00:00:09.000 If you're a member, you get access to these conversations.
00:00:12.000 You get access to in-depth coverage.
00:00:14.000 It is members.charliekirk.com, members.charliekirk.com.
00:00:18.000 As always, you can email me freedom at charliekirk.com and get involved with Turning Point USA at tpusa.com.
00:00:24.000 That is tpusa.com.
00:00:26.000 Buckle up, everybody.
00:00:27.000 Here we go.
00:00:28.000 Charlie, what you've done is incredible here.
00:00:30.000 Maybe Charlie Kirk is on the college campus.
00:00:32.000 I want you to know we are lucky to have Charlie Kirk.
00:00:35.000 Charlie Kirk's running the White House, folks!
00:00:39.000 I want to thank Charlie.
00:00:39.000 He's an incredible guy.
00:00:41.000 His spirit, his love of this country.
00:00:42.000 He's done an amazing job building one of the most powerful youth organizations ever created, Turning Point USA.

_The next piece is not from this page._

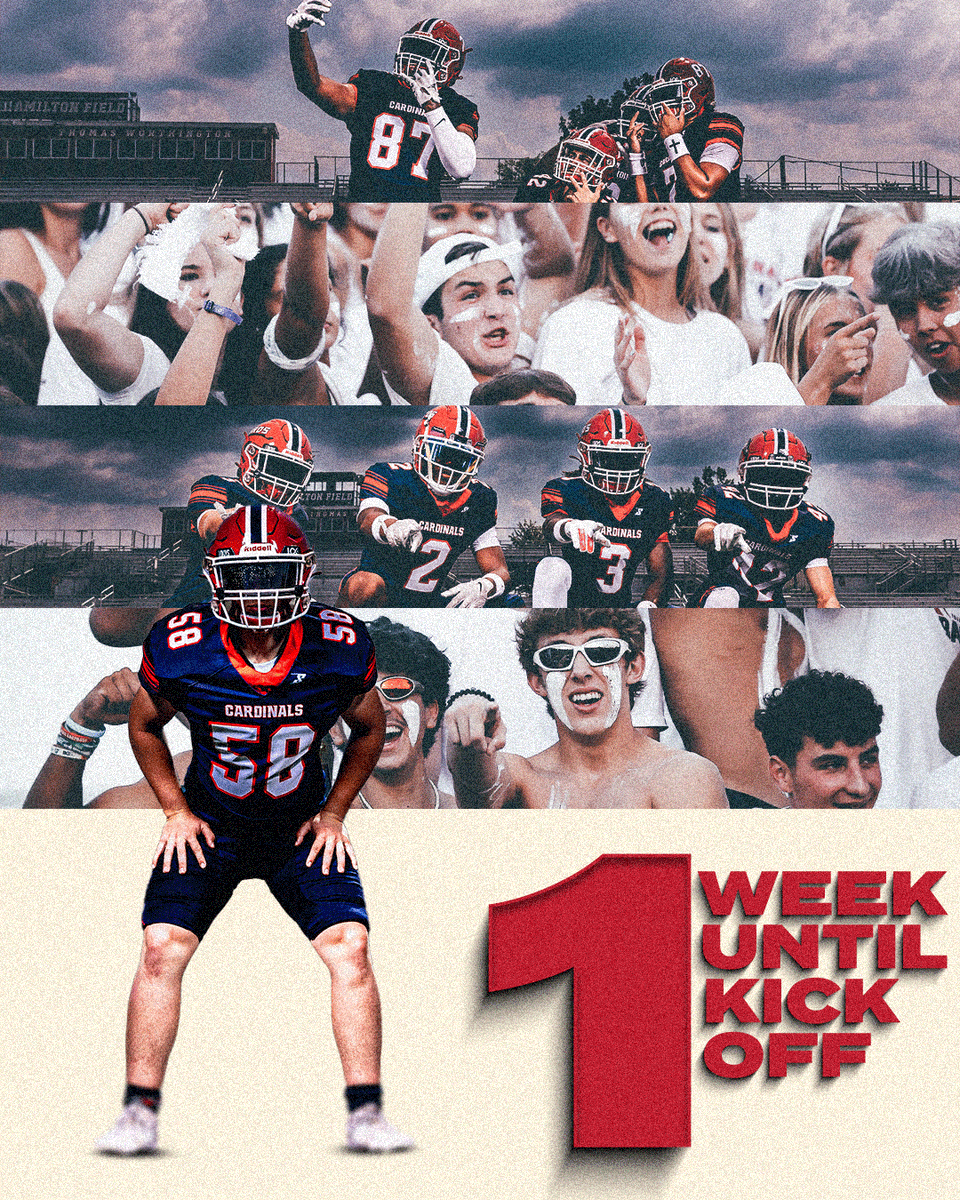 TWHS pics (@twhspics) on Twitter photo 𝐎𝐧𝐞 week. 𝐎𝐧𝐞 week.
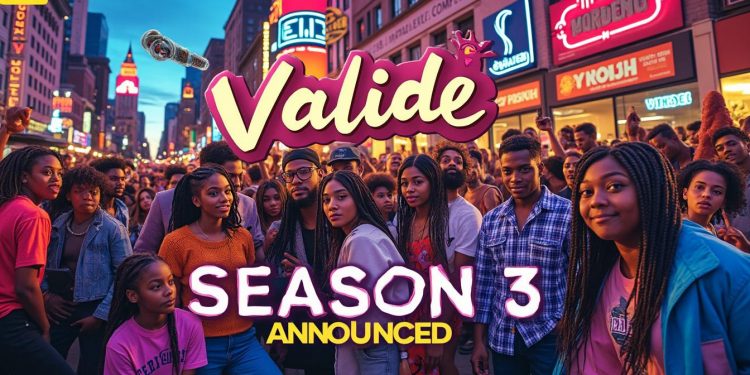 découvrez enfin la date de lancement officielle de la très attendue saison 3 de 'validé' ! ne manquez pas toutes les nouveautés et les rebondissements de cette série incontournable du rap français.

00:00:49.000 We will not embrace the ideas that have destroyed countries, destroyed lives, and we are going to fight for freedom on campuses across the country.
00:00:58.000 That's why we are here.
00:01:01.000 Noble Gold Investments is the official gold sponsor of The Charlie Kirk Show, a company that specializes in gold IRAs and physical delivery of precious metals.
00:01:11.000 Learn how you could protect your wealth with Noble Gold Investments at noblegoldinvestments.com.
00:01:18.000 That is noblegoldinvestments.com.
00:01:20.000 It's where I buy all of my gold.
00:01:22.000 Go to noblegoldinvestments.com.
00:01:27.000 Cliff and Stuart Connect, the welcome guys.
00:01:28.000 Thank you, Charlie.
00:01:30.000 So, uh, for some audience members that might not be aware, introduce yourselves.
00:01:35.000 All right, so I'm Stuart Keneckley.
00:01:37.000 I am Associate Pastor at Grace Community Church in New Canaan, Connecticut.
00:01:41.000 I get the pleasure of working with this guy.
00:01:43.000 He's nice enough to have me on his team.
00:01:45.000 And then we also do apologetics, outreach evangelism together on university campuses across the country.
00:01:53.000 And sometimes I notice we overlap, like UT, I think where you got the water bottle thrown at you, like the Westmall Steps right there.
00:02:00.000 He's been there for like 55 years.
00:02:01.000 Thanks a lot.
00:02:04.000 And then we combine those together.
00:02:06.000 So I've got a Master's in Psychology and Divinity.
00:02:09.000 So I try and use those to really do outreach at our church and beyond.
00:02:13.000 So that's kind of where I'm from.
00:02:15.000 And you've been doing this for 42 years, yeah?
00:02:17.000 Easy, Charlie.
00:02:19.000 He's got the numbers down.
00:02:20.000 You're right.
00:02:20.000 I'm getting up there.
00:02:23.000 I'm Cliff Keneckley.
00:02:24.000 I'm an obnoxious twit who the Holy Spirit is changing.
00:02:26.000 And I try and combine the grace and love and truth of Christ and communicate it on university campuses.
00:02:34.000 And at the church where Stuart and I get to pastor, and I get to be this guy's dad, so I'm an awful proud dad.
00:02:40.000 That's amazing.
00:02:40.000 So, you've been doing this on campuses for a while, kind of similar to what I do, somewhat from a political standpoint, but we're unafraid to talk about the deeper things, more important things.
00:02:53.000 Talk about that.
00:02:53.000 I mean, that's... Yeah, sure I will.
00:02:55.000 You know why I like him?
00:02:58.000 Because he hasn't made the mistake of elevating politics over faith in Christ.
00:03:03.000 Obviously we can slip into a type of nationalism that is ra-ra-ra country and leave God out of the equation.
00:03:16.000 That is lethal.
00:03:18.000 And what Charlie does in a way that I've come to respect is because I've been Uh, confronted by more and more this type of issue is he puts Christ at the center.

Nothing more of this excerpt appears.